2. Anche il secondo motivo di ricorso è manifestamente infondato. Il giudice afferma che la responsabilità per la "sparizione" del veicolo discenda dalla violazione del dovere di conservazione della cosa al fine di consentirne la disponibilità dell'autorità e, sul piano soggettivo, dal fatto che non risulta che la sparizione del bene "sia avvenuta contro la volontà e all'insaputa del custode", in sostanza ritenendo raggiunta la prova del dolo dall'assenza di indicazione di elementi specifici, da parte del ricorrente, in ordine all'impossibilità di attivarsi e quantomeno avvertire l'autorità. In proposito tuttavia il ricorrente nulla ha dedotto.

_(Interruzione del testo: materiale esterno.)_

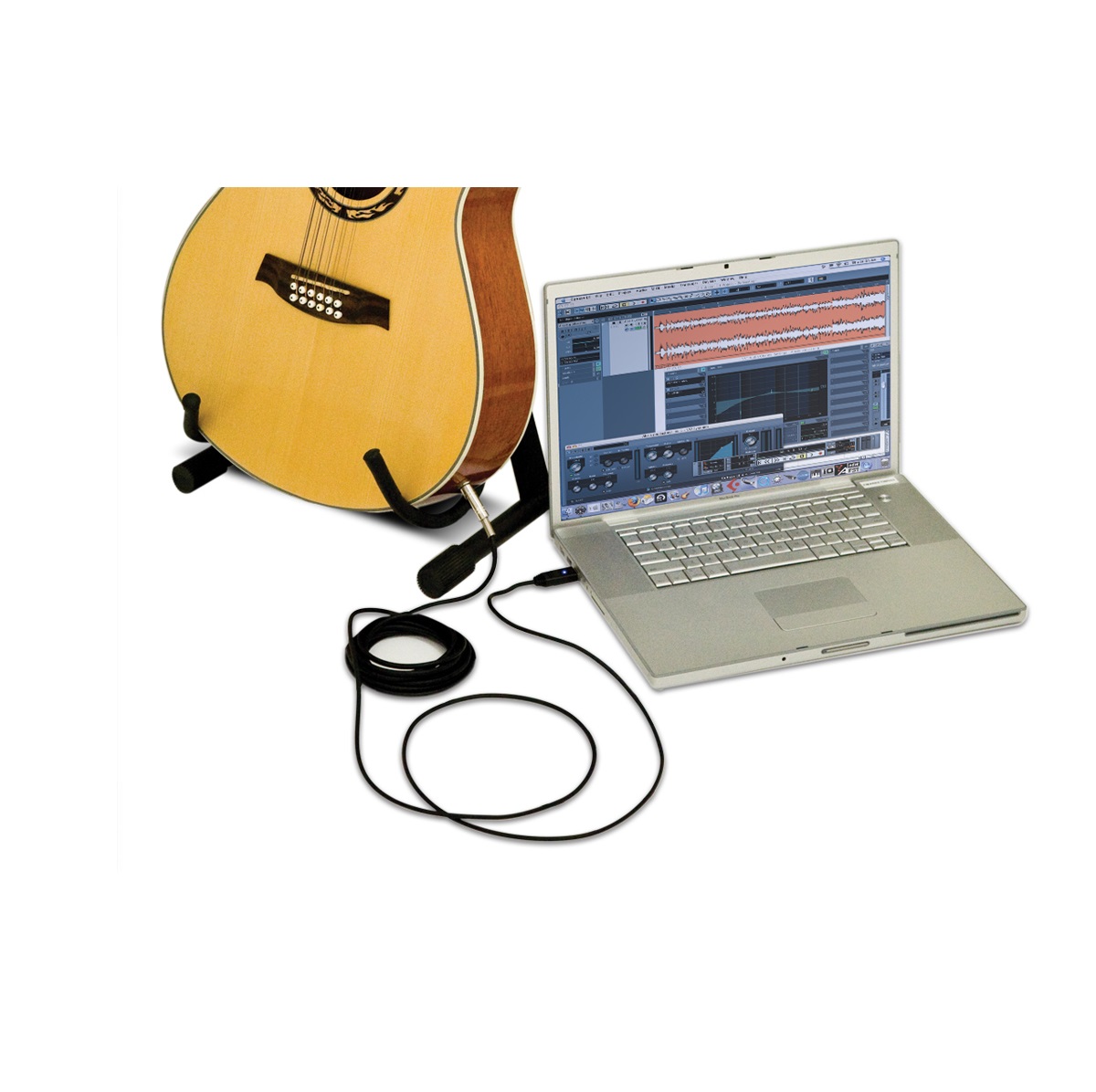 Alesis GuitarLink - 14 to USB Cable Online price in India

Costituisce infatti ius receptum che "ai fini della configurazione del reato di violazione di sigilli previsto dall'art. 349 c.p., comma 2, nei confronti di colui che ha in custodia la cosa, la prova della sussistenza del dolo, che differenzia tale ipotesi delittuosa dall'agevolazione colposa sanzionata amministrativamente dall'art. 350 c.p., deve essere fornita dalla pubblica accusa e non può essere desunta dalla negligenza e trascuratezza del custode; tuttavia è onere di quest'ultimo addurre gli elementi specifici che gli hanno impedito di attivarsi, qualora risulti accertato che egli, benché direttamente a conoscenza della effrazione dei sigilli, abbia omesso di avvertire dell'accaduto l'autorità" (Sez. U, 15/07/2010 n. 36551, Carelli, Rv n. 248051; Sez. 3, n. 7371 del 13/07/2016 Ud. (dep. 16/02/2017) Rv. 269192 - 01).

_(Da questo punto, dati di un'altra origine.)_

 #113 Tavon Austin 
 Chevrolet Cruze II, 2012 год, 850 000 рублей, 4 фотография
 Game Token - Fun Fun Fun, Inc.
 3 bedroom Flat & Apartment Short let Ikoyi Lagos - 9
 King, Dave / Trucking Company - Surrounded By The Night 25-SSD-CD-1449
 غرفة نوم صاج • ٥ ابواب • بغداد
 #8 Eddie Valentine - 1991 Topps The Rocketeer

3. Infine, la doglianza concernente il tempus commissi delicti, secondo cui, ad avviso del ricorrente, il momento consumativo del reato deve essere collocato temporalmente in epoca assai antecedente a quello in cui è avvenuto l'accertamento della violazione, è infondata in quanto basata su motivi non dedotti in appello. L'unico motivo d'appello riguardava, infatti, esclusivamente la commissione del fatto, nè il ricorrente ha dedotto in questa sede elementi e circostanze specifiche cui ancorare diversamente la data di sottrazione del veicolo. La doglianza è pertanto inammissibile, a norma dell'art. 606 c.p.p., comma 3.

4. Il ricorso deve essere dichiarato inammissibile. Tenuto conto della sentenza 13 giugno 2000, n. 186, della Corte costituzionale e rilevato che, nella fattispecie, non sussistono elementi per ritenere che "la parte abbia proposto il ricorso senza versare in colpa nella determinazione della causa di inammissibilità", alla declaratoria dell'inammissibilità medesima consegue, a norma dell'art. 616 c.p.p., l'onere delle spese del procedimento nonché quello del versamento della somma, in favore della Cassa delle ammende, equitativamente fissata in Euro 3.000,00.

P.Q.M.

Dichiara inammissibile il ricorso e condanna il ricorrente al pagamento delle spese processuali e della somma di Euro 3.000,00 in favore della Cassa delle ammende.

Così deciso in Roma, all'udienza, il 23 settembre 2022.

Depositato in Cancelleria il 10 novembre 2022.